Monday, July 13, 2009

Egypts ICT Sector Continues to Register Growth

Egypt's telecom sector is buoyant despite the delay on a second fixed-line license and the on going Mobinil dispute.
One of the most prominent hiccups affecting the Egyptian telecoms sector of late was the decision by the National Telecommunications Regulatory Authority (NTRA) to postpone the sale of a second fixed-line operator license, citing turbulence in the global markets. The other major headline for the past few weeks is the two-year long dispute between the shareholders of Mobinil, which has grown more tense as France Telecom (FT) and Orascom Telecom (OT) jockey to retain shares of the company.
Numerous deadlines for resolution have already passed, and although investors seemed confident that the issue would be resolved by mid-May — to the extent that trading activity in telecoms shares prompted a 2% jump of the benchmark EGX30 — negotiations have stalled. A day after the boost the Capital Markets Authority (CMA) suspended Mobinil's trade on the exchange, stating that it would not be resumed until the market authorities reviewed the dispute. As of June 16, the shares had still not been put back on the market.
The effects of the suspension are evidence of the significant contribution of the sector to the economy. Mobinil is one of the most valuable companies in a highly profitable sector. The information and communications technology (ICT) sector was valued at LE 10.5 billion in 4Q2008, equivalent to 3.98% of GDP, up from 3.48%, or LE 7 billion, in 4Q2007. This revenue growth is matched by an increasing number of ICT companies, which in turn have expanded job opportunities in the sector. According to the Ministry of Communications and Information Technology's (MCIT) March Information and Communications Technology Indicators Bulletin, there are currently 2,938 ICT companies, representing an annual growth rate of 25.1%, with 7.8% more employees over 2008.
Penetration rates are also rising. The majority of recent growth comes from the mobile segment, although fixed-line subscribers did increase a modest 6.25% to 11.9 million. However, this number pales in comparison to mobile users, which increased to 41.3 million, an annual growth rate of 37.2%. Mobile penetration now stands at 54.8%.
The growth in penetration has been impressive over the past few years as Etisalat Misr joined Mobinil and Vodafone Egypt to compete for subscribers in 2006. At present Mobinil has 46% of the market share, while Vodafone has 41% and Etisalat 13%. Despite a late start, Etisalat is attracting more customers as a result of its focus on lower-income segments and its market share could increase to 22% in the long run, according to Marise Ananian, head of telecoms research at EFG-Hermes. Both Etisalat and Mobinil launched corporate campaigns this month to lure subscribers from Vodafone, which could also have an effect on market shares.

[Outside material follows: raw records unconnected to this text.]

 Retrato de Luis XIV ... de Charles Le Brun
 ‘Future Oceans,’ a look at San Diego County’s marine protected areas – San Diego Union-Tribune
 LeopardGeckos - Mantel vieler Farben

But it seems unlikely that growth will continue at the same rate in 2009. Indeed, Ananian predicts that a third fewer subscribers will sign up in 2009. While 8 million is still an impressive number, contraction is always a concern. And although she assumes the potential for future market saturation to be between 80% and 85% of the population, which means there is room for growth, the timeline is more long term, with increases expected in 2015 or 2016.

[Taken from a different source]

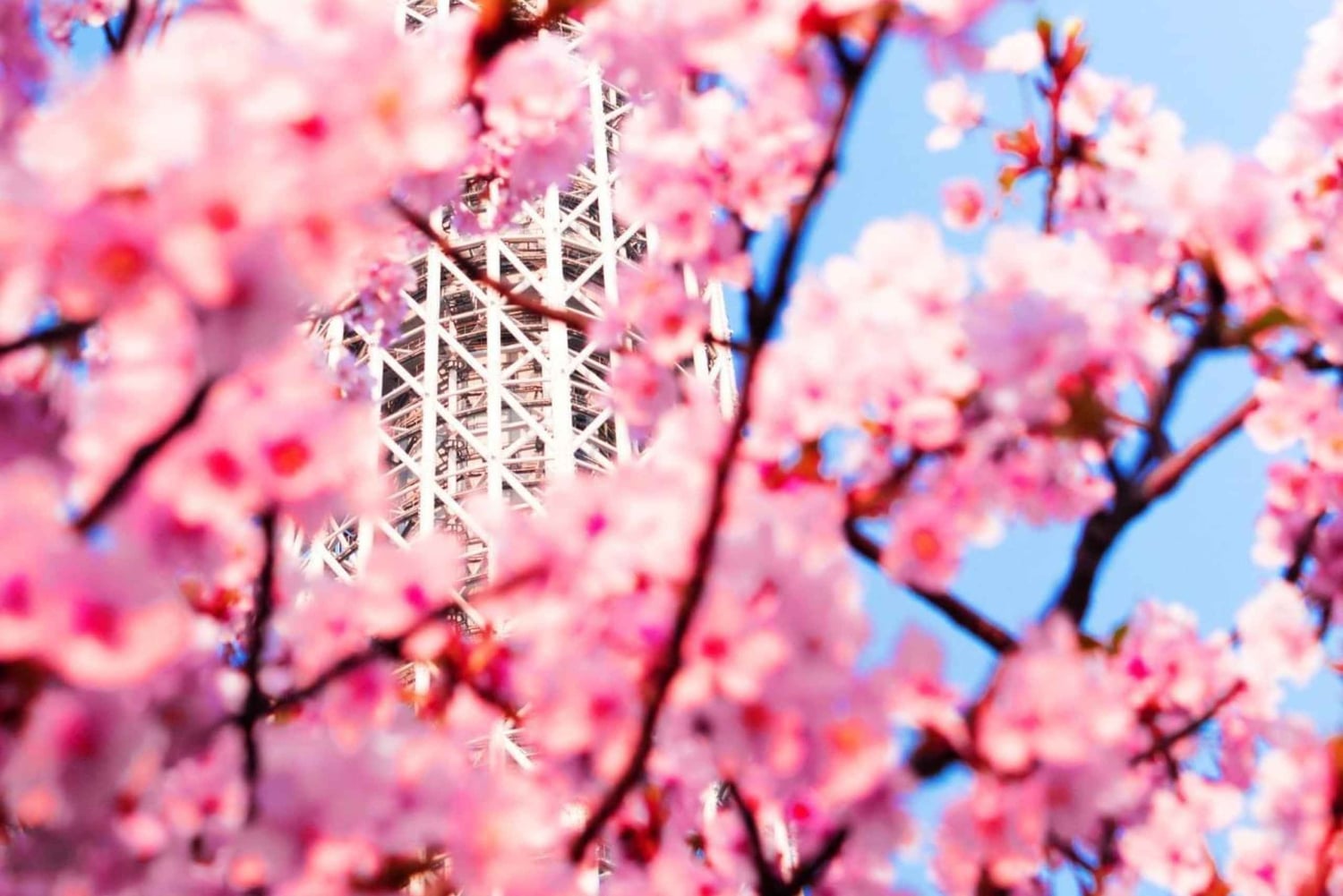 Privat dagstur i Tokyo med engelsktalende sjåfør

In addition to the natural ebb and flow of new subscribers, nervousness over market conditions may also affect the sector this year. Although Egypt has been following a gradual approach to liberalization for years, its recent postponement of the auction for its second fixed-line license is a concern. A competitor was due to join Telecom Egypt (TE) in 2008, but the process was postponed three times from the initial date of June 19, and the third postponement — only weeks before the auction was due to take place — resulted in an ambiguous end date. Despite a government announcement that 12 companies expressed an interest in the license, the NTRA told press that the auction would be postponed "for a year," adding that there would be a "re-examination of the offering again, to take place next year." The government cited continued turmoil in global markets as the cause for postponement, coupled with ongoing discussions with the various parties about interconnectivity. While competitors are lamenting the delay, TE is doing quite well. In 1Q2009, the company reported a 72% rise in net profit, which it plans to channel into expansion, although the TE chairman, Akil Beshir, told local media he was not ready to comment on specific plans.
Business may be booming at TE, but the other major Egyptian player, OT, has been grappling with the problem of its shares in Mobinil, which account for 19% of OT's revenue. After almost two years of court arbitration by the International Chamber of Commerce, OT was ordered to sell an almost 29% stake in Mobinil Telecommunications, a holding company that owns 51% of the Egyptian Company for Mobile Services (ECMS), which is Mobinil's operator. OT, whose chairman, Naguib Sawiris, has said he would prefer not to sell his company's stake in Mobinil at all, appealed to Egypt's Capital Market Authority (CMA). The CMA ruled that FT had to buy all of ECMS, including not only Mobinil Telecommunications, but also Orascom's 20% direct equity interest in ECMS and the 29 free float shares. Although FT initially rejected the decision, it subsequently agreed to buy ECMS, but offered a lower price than the LE 273.26 per share agreed upon for the sale of Mobinil Telecom. Several deadlines for payment have passed, but thus far the two sides have remained in deadlock and OT has launched legal action to nullify the mandatory sale of its shares, claiming that FT had not met the conditions for the sale.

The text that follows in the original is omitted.